Eric went over to the row of women sitting against the wall and asked a heavy-set, middle aged woman for her hand. With a smile and a heave, she lifted herself off the chair and they walked to the dance floor. When they got there, they just flew. Hips, arms, interlocked twirls, flirting and laughter. It was goddamned magic.
Maybe it was the beer, maybe it was the sly joy of seeing the smiles on Eric and his partner’s faces. Maybe it was the music. Maybe it was just the moment, but I found myself following his lead. I set down my beer, and walked over to a woman, one of the few left without a partner, and asked her to dance. She must have gone 300 pounds if she was an ounce and I was about a buck eighty five at the time, but my God that woman could move. And she could take me with her while doing so. At the end of the first song, we hugged, breathing a little hard. I asked her name. She growled, “Bertha.”
Bertha and I hustled it around the floor for several dances over the next hour or two. In between turns on the floor, she introduced me to some of her friends. I introduced them to some of mine. Dance partners changed and reformed. Many, many pitchers of beer were bought, spilled or consumed. It was, hands down, one of the best days I’d ever spent in all of my life. But I was a rational boy. I had to get back to work on Monday morning. As did Tony. So, at about 6 in the evening, just as the party was really ramping up, we decided to leave.

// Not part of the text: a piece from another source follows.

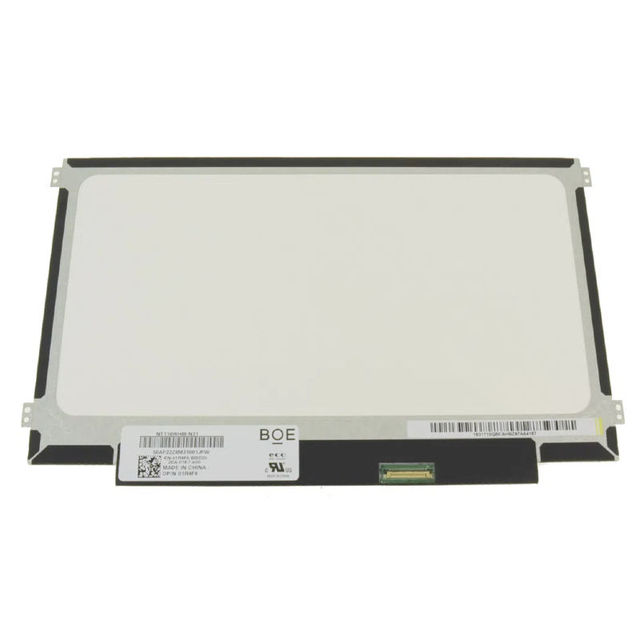 1R4F6 11.6" 30 Pin Led Lcd Screen for Dell Chromebook 3100 3110 3120 3180 Laptops HD 1366x768 N116BGE-EA3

Tony had promised Eric a ride down to New York City after he had dropped me off in my hometown of Binghamton, about 90 miles down Route 81. Eric’s life hadn’t been easy since getting the boot from SU. He’s moved from school to unemployment to school to more unemployment. But he’d recently landed a good job in Baltimore – a real coup for him, given his recent years. He was excited about it, and he was starting on Monday morning at 8AM. His plan had been to get his ass to NYC, then to take a night train to Baltimore, have a quick nap and a shower at his folks’ place and show up for the first day of the rest of his life.
Tony tapped him on the shoulder and called him from the dance floor. He apologized to his partner and came with us. We were expecting, from how much fun he was having, to get a, “Come on, guys… one more beer.” What we weren’t expecting was his flat refusal to even consider leaving. Nor were we expecting the eloquence of his explanation why.
He looked at us, maybe with a bit of pity in his eye, and said, “Guys, God just dropped a gem on our path. There ain’t a chance in hell I’m gonna disrespect it,” and he turned on his heel, whistled for his partner and, again, took up the twirl.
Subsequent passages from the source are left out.